From 2943feeecf44806a000f5c01502798e52278bce7 Mon Sep 17 00:00:00 2001
From: Aravind Karnam <aravind.karanam@gmail.com>
Date: Wed, 16 Oct 2024 22:05:29 +0530
Subject: [PATCH] 1. Added a flag to yield each crawl result,as they become
 ready along with the final scraper result as another option 2. Removed
 ascrape_many method, as I'm currently not focusing on it in the first cut of
 scraper 3. Added some error handling for cases where robots.txt cannot be
 fetched or parsed.

---
 crawl4ai/scraper/async_web_scraper.py    | 48 ++++++++++++------------
 crawl4ai/scraper/bfs_scraper_strategy.py | 33 +++++++++-------
 crawl4ai/scraper/scraper_strategy.py     | 21 ++++++++++-
 3 files changed, 62 insertions(+), 40 deletions(-)

diff --git a/crawl4ai/scraper/async_web_scraper.py b/crawl4ai/scraper/async_web_scraper.py
index fadfa61f..811aeacc 100644
--- a/crawl4ai/scraper/async_web_scraper.py
+++ b/crawl4ai/scraper/async_web_scraper.py
@@ -1,35 +1,35 @@
 import asyncio
 from typing import List, Dict
 from .scraper_strategy import ScraperStrategy
-from .bfs_scraper_strategy import BFSScraperStrategy
-from .models import ScraperResult
+from .models import ScraperResult, CrawlResult
 from ..async_webcrawler import AsyncWebCrawler
-
-class BatchProcessor:
-    def __init__(self, batch_size: int, concurrency_limit: int):
-        self.batch_size = batch_size
-        self.concurrency_limit = concurrency_limit
-
-    async def process_batch(self, scraper: 'AsyncWebScraper', urls: List[str]) -> List[ScraperResult]:
-        semaphore = asyncio.Semaphore(self.concurrency_limit)

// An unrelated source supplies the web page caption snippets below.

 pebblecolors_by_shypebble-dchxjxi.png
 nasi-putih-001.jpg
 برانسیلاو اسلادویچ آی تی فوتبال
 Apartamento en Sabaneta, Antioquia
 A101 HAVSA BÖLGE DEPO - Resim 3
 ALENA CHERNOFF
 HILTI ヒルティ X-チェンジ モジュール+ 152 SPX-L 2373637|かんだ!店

-        async def scrape_with_semaphore(url):
-            async with semaphore:
-                return await scraper.ascrape(url)

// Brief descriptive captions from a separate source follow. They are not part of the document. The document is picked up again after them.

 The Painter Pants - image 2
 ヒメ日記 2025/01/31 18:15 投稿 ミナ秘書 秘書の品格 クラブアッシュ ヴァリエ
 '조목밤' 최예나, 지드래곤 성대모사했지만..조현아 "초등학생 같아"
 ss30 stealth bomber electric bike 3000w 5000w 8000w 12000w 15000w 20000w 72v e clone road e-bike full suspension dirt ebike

-        return await asyncio.gather(*[scrape_with_semaphore(url) for url in urls])
+from typing import Union, AsyncGenerator
 
 class AsyncWebScraper:
     def __init__(self, crawler: AsyncWebCrawler, strategy: ScraperStrategy, batch_size: int = 10, concurrency_limit: int = 5):
         self.crawler = crawler
         self.strategy = strategy
-        self.batch_processor = BatchProcessor(batch_size, concurrency_limit)
 
-    async def ascrape(self, url: str, parallel_processing: bool = True) -> ScraperResult:
-        return await self.strategy.ascrape(url, self.crawler, parallel_processing)

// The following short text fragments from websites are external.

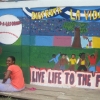 Live life to the fullest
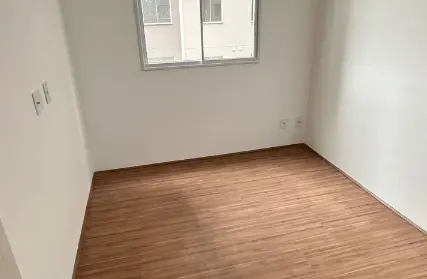 Imagem: Apartamento para Venda, Jardim São Savério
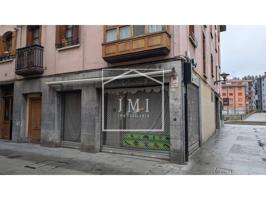 Alquiler de Local Comercial en Villabona photo 0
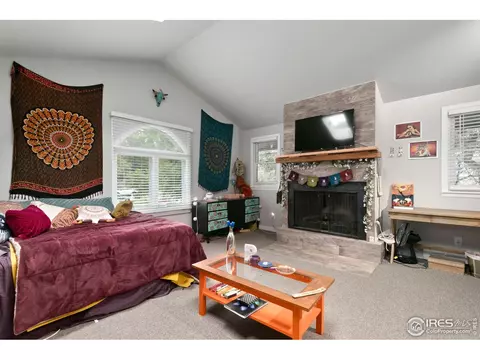 720 18th St, Boulder, CO 80302 photo 29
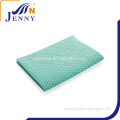 Super absorbent and soft germany clean,kitchen nonwoven cleaning cloth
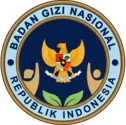 Logo Makan Bergizi Gratis Deli Garut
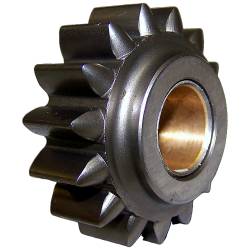 Crown Automotive Jeep Replacement - Crown Automotive 640417 Transmission Gear - Image 2
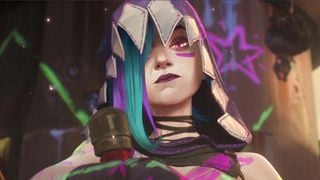 Cette chanson d'Arcane saison 2 est supprimée des plateformes et la justification est aussi logique que triste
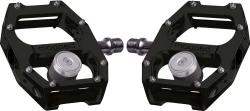 Magped ULTRA2 200N černé pedály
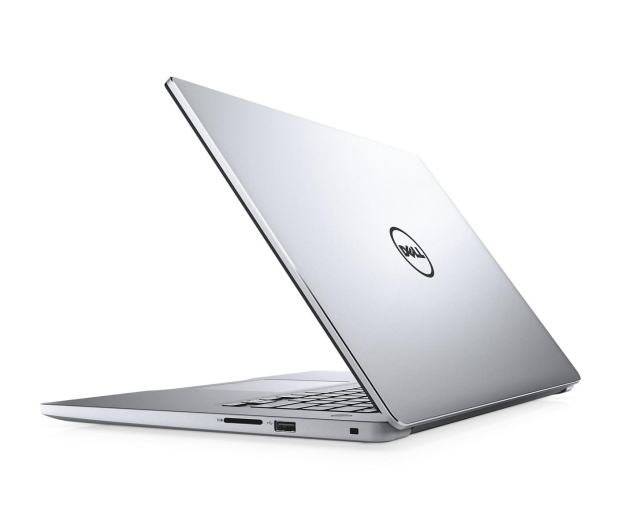 Dell Inspiron 7560 i7-7500U/16GB/256+1000/Win10 FHD - 363940 - zdjęcie 4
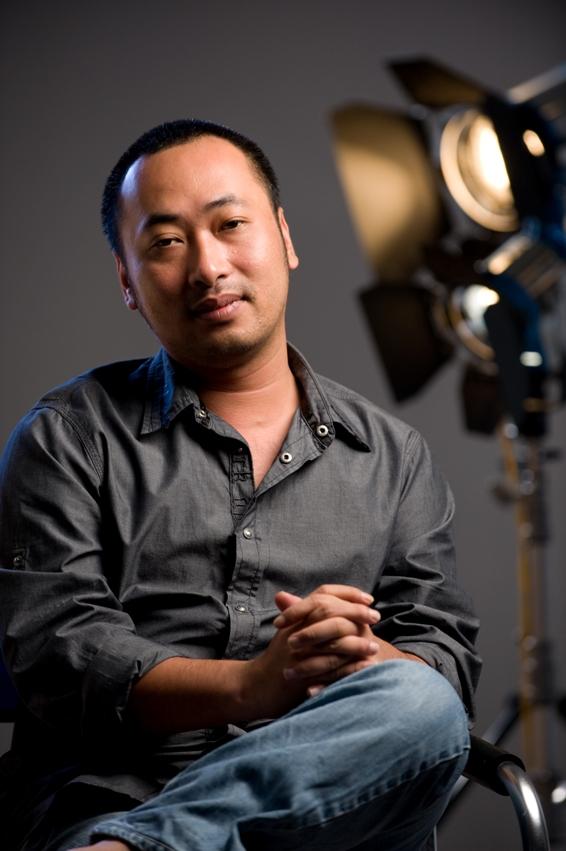 Dũng Khùng và loạt sao Việt khóa Facebook sau ý tưởng CSGT ship hàng-1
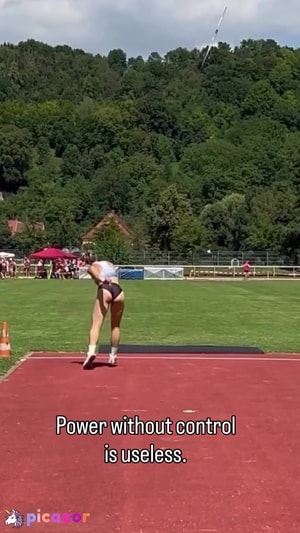 sabrina-reusch video #9 photo n 9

+    async def ascrape(self, url: str, parallel_processing: bool = True, yield_results: bool = False) -> Union[AsyncGenerator[CrawlResult, None], ScraperResult]:
+        if yield_results:
+            return self._ascrape_yielding(url, parallel_processing)
+        else:
+            return await self._ascrape_collecting(url, parallel_processing)
 
-    async def ascrape_many(self, urls: List[str]) -> List[ScraperResult]:
-        all_results = []
-        for i in range(0, len(urls), self.batch_processor.batch_size):
-            batch = urls[i:i+self.batch_processor.batch_size]
-            batch_results = await self.batch_processor.process_batch(self, batch)
-            all_results.extend(batch_results)
-        return all_results
\ No newline at end of file
+    async def _ascrape_yielding(self, url: str, parallel_processing: bool) -> AsyncGenerator[CrawlResult, None]:
+        result_generator = self.strategy.ascrape(url, self.crawler, parallel_processing)
+        async for res in result_generator:  # Consume the async generator
+            yield res  # Yielding individual results
+
+    async def _ascrape_collecting(self, url: str, parallel_processing: bool) -> ScraperResult:
+        extracted_data = {}
+        result_generator = self.strategy.ascrape(url, self.crawler, parallel_processing)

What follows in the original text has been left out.